With the Large Hadron Collider now finally up and running after the unfortunate weasel incident, physicists at CERN and around the world are eager to put their hands on the new 2016 collisions data. The #MoarCollisions hashtag keeps entertaining the tweeting researchers and their followers, and everybody is anxious to finally ascertain whether the tentative signal of a new 750 GeV particle seen in diphoton decays in last year's data will reappear and confirm an epic discovery, or what.

Data is collected by collider experiments by a process of selection and storage which at first sight appears nonsensical to the outsider. Every second we produce a billion proton-proton collisions in the core of ATLAS and CMS, read out the detector with fast electronics, process the signals, and write to storage all the information about... 400 of them. Yes: of the one-billion events we produce, what we save to disk is 0.00004% of the data. What ? You probably think the above sentence contains a typo or two: it can't be true. But it is.

I like to explain the rationale of this extremely tight selection with a simple analogy. Imagine you are mapping the composition of the underground rock at a site. Your machinery can dig 10-meter-deep and extract samples of soil at different depths. You start sampling the ground at different locations and you realize that it has the same composition in the area you are studying, and the stratification is homogeneous: at the same depth, you find the same stuff everywhere. Now, somebody brings in a new machine that can dig 20-meter-deep. As soon as you put it in operation, you just give a glimpse at the composition of the first 10 meter of ground (which you know already!), but then go straight to the samples collected at the higher depths, as that is the information you are missing.

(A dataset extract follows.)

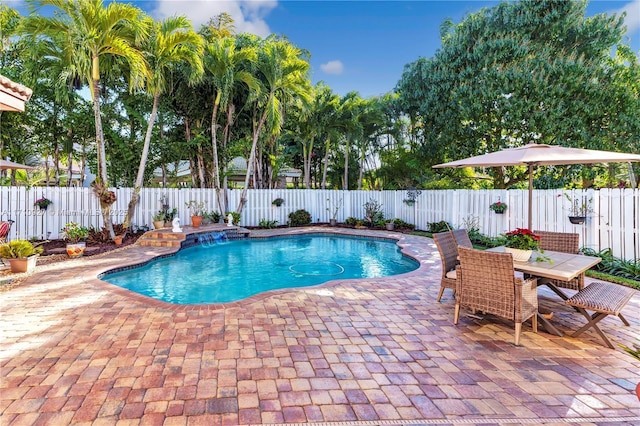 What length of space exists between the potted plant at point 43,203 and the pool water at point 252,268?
4.33m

Likewise, physicists have investigated at length the collisions of lower energy that were produced by past accelerators. We know very well what happens when we collide 100-GeV, 500-GeV, or 1-TeV protons from past studies. We do not care much to repeat those studies, as we would learn almost nothing. With the LHC we are interested in the most energetic collisions only. But these are the rarest: the vast majority of the collisions we produce do not release 13 TeV of energy (the nominal kinetic energy that the two protons bring in), as what collide are quarks and gluons, not the protons themselves; and those constituents carry small fractions of their parent's momentum. So we are interested only in a small fraction of the data!

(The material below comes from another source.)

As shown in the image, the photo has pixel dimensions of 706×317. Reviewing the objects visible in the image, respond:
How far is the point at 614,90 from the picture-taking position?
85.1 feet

It is convenient that we only need to study a small fraction of the collisions, as it would be impossible to store in its totality the enormous amount of data that the detector produces every second. Rather, we have a trigger system that selects only the most interesting collisions, the ones where more energy was released (or ones where particles rarely produced appear). 

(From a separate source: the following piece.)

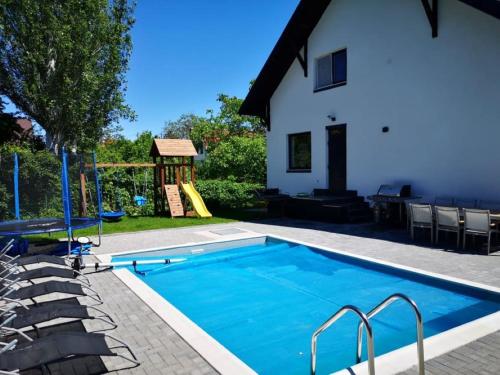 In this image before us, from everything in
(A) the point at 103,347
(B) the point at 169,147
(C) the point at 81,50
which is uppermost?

The trigger of a hadron collider detector is an amazingly complex device. It works in stages. In CMS there is a "level 1 trigger" that has to take a very, very fast decision on whether the 20-or-so collisions occurred during one bunch crossing (there's one every 25 nanoseconds!) contain something interesting. Only if the fast electronics decides that there's something worth storing, the corresponding data is passed to the next level.

The next trigger level in CMS is called "high-level triggers", HLT. At HLT level another tight selection is made, which allows to go down from an input rate of several tens of thousand events per second to an output rate of 400 events per second. Again, tight selection criteria are applied to sort out the most interesting collisions; but here, since the input rate is much smaller than at level 1, there is time for a complete reconstruction of the events, by fast software algorithms.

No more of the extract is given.